Input:
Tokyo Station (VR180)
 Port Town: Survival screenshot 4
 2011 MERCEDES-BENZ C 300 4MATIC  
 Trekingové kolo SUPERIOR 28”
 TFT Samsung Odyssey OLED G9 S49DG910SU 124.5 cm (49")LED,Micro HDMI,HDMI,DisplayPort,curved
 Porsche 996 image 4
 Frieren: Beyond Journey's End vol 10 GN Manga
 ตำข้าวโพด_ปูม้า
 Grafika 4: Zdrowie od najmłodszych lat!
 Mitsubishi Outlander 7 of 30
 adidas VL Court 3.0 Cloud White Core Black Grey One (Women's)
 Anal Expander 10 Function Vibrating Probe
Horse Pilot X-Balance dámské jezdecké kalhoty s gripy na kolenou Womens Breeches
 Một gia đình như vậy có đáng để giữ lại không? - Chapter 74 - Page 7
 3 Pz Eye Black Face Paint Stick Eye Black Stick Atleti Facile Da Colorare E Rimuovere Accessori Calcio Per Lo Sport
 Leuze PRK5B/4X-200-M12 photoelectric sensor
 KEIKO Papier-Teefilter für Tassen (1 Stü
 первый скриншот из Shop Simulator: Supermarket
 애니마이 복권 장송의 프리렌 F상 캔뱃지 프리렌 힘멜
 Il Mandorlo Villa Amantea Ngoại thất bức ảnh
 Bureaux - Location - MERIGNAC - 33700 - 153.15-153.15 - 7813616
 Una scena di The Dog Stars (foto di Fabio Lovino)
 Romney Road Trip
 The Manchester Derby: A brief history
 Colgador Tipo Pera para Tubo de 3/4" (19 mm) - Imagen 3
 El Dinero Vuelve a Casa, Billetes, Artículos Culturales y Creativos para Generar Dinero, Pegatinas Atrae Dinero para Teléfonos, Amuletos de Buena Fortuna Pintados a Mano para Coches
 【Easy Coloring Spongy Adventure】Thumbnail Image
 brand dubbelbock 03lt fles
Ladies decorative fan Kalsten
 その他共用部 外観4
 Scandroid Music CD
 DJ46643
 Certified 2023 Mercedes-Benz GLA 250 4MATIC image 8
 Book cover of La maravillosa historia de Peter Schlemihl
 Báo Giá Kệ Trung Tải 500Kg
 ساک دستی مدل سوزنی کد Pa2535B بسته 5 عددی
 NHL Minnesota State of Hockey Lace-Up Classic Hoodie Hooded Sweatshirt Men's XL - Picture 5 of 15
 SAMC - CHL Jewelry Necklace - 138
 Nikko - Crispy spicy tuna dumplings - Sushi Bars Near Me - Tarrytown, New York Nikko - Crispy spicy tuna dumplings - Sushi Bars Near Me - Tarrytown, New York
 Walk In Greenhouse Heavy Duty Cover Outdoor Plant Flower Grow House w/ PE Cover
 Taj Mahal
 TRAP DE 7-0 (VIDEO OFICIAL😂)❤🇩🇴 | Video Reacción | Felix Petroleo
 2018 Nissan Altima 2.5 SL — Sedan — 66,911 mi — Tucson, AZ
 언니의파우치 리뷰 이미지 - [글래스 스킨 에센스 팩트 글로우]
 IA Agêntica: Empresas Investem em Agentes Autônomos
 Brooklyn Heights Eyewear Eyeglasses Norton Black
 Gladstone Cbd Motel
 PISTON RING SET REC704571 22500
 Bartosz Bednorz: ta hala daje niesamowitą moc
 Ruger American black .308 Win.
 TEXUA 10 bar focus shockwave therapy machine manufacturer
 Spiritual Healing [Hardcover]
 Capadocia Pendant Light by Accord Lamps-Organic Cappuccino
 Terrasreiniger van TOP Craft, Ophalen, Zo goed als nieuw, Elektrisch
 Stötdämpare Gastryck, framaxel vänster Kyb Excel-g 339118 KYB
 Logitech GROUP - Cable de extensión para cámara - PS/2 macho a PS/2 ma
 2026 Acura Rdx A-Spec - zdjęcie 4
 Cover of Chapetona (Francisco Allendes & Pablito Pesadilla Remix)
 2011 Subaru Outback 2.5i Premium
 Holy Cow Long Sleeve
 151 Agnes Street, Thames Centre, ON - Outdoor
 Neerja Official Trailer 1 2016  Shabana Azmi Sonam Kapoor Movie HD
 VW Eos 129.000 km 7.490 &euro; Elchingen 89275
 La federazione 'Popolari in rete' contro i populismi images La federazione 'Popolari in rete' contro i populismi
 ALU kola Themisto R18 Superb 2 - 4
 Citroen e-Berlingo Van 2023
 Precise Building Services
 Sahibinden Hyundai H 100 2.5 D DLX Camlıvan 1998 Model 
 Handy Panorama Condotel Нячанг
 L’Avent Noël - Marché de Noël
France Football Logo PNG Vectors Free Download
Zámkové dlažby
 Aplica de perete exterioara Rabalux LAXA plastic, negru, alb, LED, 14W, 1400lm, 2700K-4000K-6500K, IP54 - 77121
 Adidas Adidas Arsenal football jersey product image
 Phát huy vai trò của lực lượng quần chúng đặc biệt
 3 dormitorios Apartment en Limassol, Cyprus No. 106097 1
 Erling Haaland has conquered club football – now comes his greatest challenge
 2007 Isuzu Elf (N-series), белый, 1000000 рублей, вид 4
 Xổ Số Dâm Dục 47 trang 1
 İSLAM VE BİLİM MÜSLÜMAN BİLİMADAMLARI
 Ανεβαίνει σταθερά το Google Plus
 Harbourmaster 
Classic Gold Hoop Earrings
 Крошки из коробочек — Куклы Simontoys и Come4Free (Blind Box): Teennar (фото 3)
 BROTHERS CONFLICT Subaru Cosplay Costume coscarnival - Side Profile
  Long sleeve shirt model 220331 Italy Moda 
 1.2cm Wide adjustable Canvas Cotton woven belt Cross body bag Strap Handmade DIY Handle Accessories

What you are asked to do:
Reproduce exactly, and only, the part of the listing above that begins at the line with "Capadocia Pendant Light" and goes on through the line with "2026 Acura Rdx A-Spec - zdjęcie 4".

Task solution:
 Capadocia Pendant Light by Accord Lamps-Organic Cappuccino
 Terrasreiniger van TOP Craft, Ophalen, Zo goed als nieuw, Elektrisch
 Stötdämpare Gastryck, framaxel vänster Kyb Excel-g 339118 KYB
 Logitech GROUP - Cable de extensión para cámara - PS/2 macho a PS/2 ma
 2026 Acura Rdx A-Spec - zdjęcie 4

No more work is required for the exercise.